Ausstatterin Birgit Voß hat die Vermischung der beiden Bereiche in ihrem Bühnenbild aufgenommen: Eine schwere, bis zur Decke reichende Schrankwand und ein Küchentresen im gleichen Stil versprühen den Charme eines Lehrerzimmers, verstärkt durch die vier von der Decke hängenden Kugellampen. So hat sich Astrid ihr Wohnzimmer eingerichtet. Klaras Habseligkeiten passen in eine Schublade, aber sie ist ja auch erst später zu Astrid gezogen. Sind das alles Zeichen für ein zumindest merkwürdiges Verhältnis der beiden Frauen? Marie Fey, die kurzfristig die Rolle der Klara übernommen hat, zeigt sich als Klara zunächst recht selbstsicher. Sie scheint Wolfram und sein Gehabe zu durchschauen und beginnt erst nach und nach an Astrids Darstellung zu zweifeln. Katja Studt gelingt es, Astrids Unsicherheit und ihre Angst nur in kleinen Momenten aufblitzen zu lassen, dann, wenn sie sich nicht im Wortgefecht mit Wolfram befindet und sich verteidigt oder unwissend gibt. Wolfram ist bei Till Demtrøder in der Tat ein echtes Arschloch. Kaum dass er die Wohnung betritt, lässt er sich Wein („nichts Schrottiges vom Supermarkt“) bringen, nähert sich übergriffig sowohl Astrid als auch Klara, beherrscht den Raum und sieht sich selbstgewiss als einen, der mehr weiß und Astrid in der Hand hat. Tatsächlich hat ihm der Vater von Ellen Babić, einer von Astrids Schülerinnen, gebeten zu klären, was auf der Klassenfahrt geschehen ist und wie sich Astrid als Lehrerin verhalten hat. Demtrøders Wolfram spielt dabei den Toleranten, der mit gleichgeschlechtlichen Beziehungen kein Problem hat, der aber gerade diese als Angelhaken für seine Fragen verwendet. 

Sewan Latchinians behutsame Inszenierung gibt jeder einzelnen Figur Raum und schafft es, einen Abend zwischen Tempo und Ruhe so zu gestalten, dass kein Mensch im Publikum auch nur einmal auf die Uhr zu schauen wagt.

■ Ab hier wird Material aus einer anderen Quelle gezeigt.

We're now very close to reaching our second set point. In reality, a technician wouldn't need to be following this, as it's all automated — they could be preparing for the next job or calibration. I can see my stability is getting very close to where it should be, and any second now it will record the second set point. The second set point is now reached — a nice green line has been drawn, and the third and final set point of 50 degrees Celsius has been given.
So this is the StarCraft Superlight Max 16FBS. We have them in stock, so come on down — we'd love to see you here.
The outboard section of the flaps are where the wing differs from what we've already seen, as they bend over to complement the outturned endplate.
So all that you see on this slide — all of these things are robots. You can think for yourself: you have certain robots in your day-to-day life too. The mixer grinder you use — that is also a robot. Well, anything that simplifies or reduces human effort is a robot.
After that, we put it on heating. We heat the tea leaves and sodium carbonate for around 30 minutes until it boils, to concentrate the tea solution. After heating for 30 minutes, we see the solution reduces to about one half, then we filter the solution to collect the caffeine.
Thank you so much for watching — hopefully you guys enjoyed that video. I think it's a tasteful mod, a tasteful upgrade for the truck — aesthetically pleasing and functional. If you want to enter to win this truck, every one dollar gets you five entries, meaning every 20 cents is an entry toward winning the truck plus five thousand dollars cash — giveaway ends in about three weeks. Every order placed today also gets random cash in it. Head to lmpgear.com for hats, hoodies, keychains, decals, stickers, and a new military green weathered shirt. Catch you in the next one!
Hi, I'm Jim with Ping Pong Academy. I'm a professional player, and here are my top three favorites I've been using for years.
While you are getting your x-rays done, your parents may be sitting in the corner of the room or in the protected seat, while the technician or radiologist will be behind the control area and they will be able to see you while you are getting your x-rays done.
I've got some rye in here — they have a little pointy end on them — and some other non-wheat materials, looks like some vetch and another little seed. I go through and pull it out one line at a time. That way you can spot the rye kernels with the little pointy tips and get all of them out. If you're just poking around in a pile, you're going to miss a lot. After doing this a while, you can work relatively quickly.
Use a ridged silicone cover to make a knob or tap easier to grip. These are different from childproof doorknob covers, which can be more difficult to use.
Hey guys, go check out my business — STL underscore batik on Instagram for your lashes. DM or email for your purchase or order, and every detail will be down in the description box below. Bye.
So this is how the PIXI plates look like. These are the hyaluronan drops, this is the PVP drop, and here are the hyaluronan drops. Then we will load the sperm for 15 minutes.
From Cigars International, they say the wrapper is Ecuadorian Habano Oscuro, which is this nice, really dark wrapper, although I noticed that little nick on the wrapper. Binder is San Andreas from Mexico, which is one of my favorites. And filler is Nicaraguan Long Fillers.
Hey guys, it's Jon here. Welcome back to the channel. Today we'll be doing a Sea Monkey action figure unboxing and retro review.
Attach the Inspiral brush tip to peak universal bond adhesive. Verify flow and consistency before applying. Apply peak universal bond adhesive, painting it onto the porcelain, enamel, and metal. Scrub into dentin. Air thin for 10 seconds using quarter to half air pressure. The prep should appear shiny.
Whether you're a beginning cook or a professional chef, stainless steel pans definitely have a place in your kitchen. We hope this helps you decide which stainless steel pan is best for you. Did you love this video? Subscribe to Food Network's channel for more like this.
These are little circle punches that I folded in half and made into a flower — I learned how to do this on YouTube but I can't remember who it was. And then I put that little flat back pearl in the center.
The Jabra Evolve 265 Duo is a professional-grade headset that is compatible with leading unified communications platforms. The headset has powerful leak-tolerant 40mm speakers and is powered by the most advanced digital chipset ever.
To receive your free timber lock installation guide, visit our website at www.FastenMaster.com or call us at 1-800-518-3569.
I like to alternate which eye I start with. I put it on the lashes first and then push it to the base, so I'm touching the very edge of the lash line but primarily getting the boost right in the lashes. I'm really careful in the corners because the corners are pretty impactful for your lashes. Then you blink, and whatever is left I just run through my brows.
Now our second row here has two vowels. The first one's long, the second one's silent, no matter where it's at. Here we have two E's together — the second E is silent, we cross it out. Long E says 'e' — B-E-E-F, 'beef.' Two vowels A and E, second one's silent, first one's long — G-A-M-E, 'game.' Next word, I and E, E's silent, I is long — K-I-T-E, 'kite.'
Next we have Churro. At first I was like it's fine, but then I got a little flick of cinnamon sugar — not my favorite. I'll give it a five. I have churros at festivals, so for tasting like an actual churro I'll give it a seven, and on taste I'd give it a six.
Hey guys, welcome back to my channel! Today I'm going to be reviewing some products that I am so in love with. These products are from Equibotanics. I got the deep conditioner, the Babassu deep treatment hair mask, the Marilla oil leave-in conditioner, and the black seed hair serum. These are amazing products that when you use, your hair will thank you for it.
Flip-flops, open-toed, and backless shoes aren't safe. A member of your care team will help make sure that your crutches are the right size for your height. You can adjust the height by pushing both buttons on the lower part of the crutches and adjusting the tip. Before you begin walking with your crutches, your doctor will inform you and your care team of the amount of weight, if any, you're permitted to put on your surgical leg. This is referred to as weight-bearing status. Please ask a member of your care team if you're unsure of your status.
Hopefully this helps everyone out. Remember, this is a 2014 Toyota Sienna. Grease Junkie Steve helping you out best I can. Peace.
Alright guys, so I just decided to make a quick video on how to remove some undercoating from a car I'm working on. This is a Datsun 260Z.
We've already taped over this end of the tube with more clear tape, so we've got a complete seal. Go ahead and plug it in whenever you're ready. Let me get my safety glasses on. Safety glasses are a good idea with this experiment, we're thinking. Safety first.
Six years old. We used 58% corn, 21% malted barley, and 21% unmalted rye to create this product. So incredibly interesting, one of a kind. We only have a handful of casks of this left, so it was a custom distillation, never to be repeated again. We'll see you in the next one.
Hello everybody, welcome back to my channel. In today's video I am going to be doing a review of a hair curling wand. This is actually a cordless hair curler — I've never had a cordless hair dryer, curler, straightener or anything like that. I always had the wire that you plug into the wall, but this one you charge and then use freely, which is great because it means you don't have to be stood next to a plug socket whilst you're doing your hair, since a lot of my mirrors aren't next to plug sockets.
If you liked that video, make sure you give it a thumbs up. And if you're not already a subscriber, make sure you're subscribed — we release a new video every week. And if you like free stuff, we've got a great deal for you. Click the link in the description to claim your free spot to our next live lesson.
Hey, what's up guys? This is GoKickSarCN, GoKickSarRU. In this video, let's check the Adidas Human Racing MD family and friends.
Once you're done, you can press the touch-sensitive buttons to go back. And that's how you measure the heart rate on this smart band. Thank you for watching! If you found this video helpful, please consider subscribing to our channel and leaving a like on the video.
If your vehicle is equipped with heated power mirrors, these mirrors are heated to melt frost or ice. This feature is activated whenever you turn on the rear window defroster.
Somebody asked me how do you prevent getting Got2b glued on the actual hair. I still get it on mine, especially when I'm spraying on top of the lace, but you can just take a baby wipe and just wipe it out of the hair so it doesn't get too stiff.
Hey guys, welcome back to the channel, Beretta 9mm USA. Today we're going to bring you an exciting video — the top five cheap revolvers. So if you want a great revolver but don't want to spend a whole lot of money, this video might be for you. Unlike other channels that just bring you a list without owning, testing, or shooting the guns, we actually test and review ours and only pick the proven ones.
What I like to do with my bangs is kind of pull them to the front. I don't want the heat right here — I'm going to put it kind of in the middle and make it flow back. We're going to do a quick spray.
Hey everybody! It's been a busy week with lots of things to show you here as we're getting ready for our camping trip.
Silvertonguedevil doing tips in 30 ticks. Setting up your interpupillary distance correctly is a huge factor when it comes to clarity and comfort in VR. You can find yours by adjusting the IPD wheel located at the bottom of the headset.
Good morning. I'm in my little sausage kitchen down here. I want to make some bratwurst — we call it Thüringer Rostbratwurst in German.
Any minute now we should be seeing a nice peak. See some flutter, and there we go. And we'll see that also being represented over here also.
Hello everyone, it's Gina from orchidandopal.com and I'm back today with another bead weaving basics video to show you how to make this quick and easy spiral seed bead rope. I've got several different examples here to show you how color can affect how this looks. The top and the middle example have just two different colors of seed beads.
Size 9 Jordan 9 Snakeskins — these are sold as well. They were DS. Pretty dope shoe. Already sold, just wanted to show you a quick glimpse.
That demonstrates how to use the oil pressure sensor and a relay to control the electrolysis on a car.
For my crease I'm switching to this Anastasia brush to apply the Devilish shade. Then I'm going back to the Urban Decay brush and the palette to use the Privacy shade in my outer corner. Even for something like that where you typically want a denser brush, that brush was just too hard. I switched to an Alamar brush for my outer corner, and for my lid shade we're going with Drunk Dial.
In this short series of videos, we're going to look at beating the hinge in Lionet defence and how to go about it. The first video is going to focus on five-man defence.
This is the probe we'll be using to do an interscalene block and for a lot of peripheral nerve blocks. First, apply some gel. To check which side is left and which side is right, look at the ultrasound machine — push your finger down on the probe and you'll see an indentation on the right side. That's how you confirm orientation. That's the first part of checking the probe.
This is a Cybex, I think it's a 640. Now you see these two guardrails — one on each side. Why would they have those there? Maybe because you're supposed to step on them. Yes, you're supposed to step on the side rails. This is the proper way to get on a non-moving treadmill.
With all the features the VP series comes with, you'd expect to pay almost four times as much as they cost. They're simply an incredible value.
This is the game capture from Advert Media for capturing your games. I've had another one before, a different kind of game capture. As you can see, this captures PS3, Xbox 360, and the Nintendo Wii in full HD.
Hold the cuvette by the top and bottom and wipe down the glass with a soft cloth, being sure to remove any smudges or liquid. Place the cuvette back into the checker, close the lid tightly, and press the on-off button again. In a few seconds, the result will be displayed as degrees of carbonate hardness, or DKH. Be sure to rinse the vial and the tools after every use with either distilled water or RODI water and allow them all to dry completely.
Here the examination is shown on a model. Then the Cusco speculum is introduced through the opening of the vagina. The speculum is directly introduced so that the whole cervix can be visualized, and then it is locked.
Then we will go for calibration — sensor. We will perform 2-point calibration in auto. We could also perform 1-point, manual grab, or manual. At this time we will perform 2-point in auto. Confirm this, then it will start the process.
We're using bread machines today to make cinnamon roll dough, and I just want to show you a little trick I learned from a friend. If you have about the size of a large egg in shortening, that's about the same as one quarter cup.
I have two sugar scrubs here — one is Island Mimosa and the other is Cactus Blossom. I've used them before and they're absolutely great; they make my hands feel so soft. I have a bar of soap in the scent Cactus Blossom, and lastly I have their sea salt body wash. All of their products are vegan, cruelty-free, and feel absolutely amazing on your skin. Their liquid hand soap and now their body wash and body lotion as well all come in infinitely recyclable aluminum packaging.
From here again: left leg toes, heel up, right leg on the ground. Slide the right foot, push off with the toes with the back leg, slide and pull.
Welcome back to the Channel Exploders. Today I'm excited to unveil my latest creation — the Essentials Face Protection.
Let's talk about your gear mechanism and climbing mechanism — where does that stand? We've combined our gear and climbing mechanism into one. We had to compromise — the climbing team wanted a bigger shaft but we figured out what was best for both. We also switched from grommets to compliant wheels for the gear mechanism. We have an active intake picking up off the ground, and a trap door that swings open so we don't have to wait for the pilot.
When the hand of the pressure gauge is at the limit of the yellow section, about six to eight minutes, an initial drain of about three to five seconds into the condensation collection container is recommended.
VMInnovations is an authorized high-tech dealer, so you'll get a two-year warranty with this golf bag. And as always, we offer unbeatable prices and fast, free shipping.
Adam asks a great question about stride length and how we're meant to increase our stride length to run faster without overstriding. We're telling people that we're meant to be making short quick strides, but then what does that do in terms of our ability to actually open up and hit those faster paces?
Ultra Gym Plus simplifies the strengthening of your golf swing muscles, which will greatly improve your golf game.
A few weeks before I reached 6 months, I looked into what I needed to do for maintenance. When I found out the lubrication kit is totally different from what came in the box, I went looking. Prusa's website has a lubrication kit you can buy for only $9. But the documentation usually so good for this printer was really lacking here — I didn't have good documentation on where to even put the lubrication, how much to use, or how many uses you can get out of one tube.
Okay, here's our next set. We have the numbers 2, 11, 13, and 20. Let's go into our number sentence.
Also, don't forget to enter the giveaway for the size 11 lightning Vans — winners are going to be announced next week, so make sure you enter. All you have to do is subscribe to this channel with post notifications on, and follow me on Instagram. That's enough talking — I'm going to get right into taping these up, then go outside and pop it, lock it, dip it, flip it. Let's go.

Das schafft so schnell nicht mal der „Tatort“. Also: Hingehen!

Weitere Informationen unter: https://hamburger-kammerspiele.de/programm/ellen-babic/

INFORMATIONEN FÜR LEHRKRÄFTE

Inhaltliche Schwerpunkte
  • Abhängigkeit
  • Machtmissbrauch
  • Diskriminierung
  • Wahrheitssuche
Formale SchwerpunKte
  • Realistisches Spiel in realistischem Bühnenbild
Vorschlag für Altersgruppe/Jahrgangsstufe
  • Ab 15/16 Jahre , ab Klasse 10
  • Möglich für Deutsch- und Theaterunterricht
Zum Inhalt

Astrid lebt mit Klara, einer ehemaligen Schülerin, seit sieben Jahren in einer Beziehung. Klara ist, nachdem sie ihr Elternhaus verlassen hat, bei der deutlich älteren Astrid eingezogen. Als Wolfram, Astrids Schulleiter, eines Abend erscheint, weil er ein Problem lieber im privaten Raum als auf dem Schulflur besprechen will, wird diese Beziehung zum Thema. Wolfram ist nämlich Ellen Babićs Vater gebeten worden, zu klären, was mit Ellen auf der Klassenfahrt passiert ist, die von Astrid geleitet worden ist. Wolframs Fragen suggerieren Übergriffigkeit von Seiten Astrids, die diese aber widerlegt. Gleichzeitig verweist Wolfram auf ihre Beziehung zu Klara und versucht herauszufinden, wann diese begonnen und ob sich Astrid strafbar gemacht hat.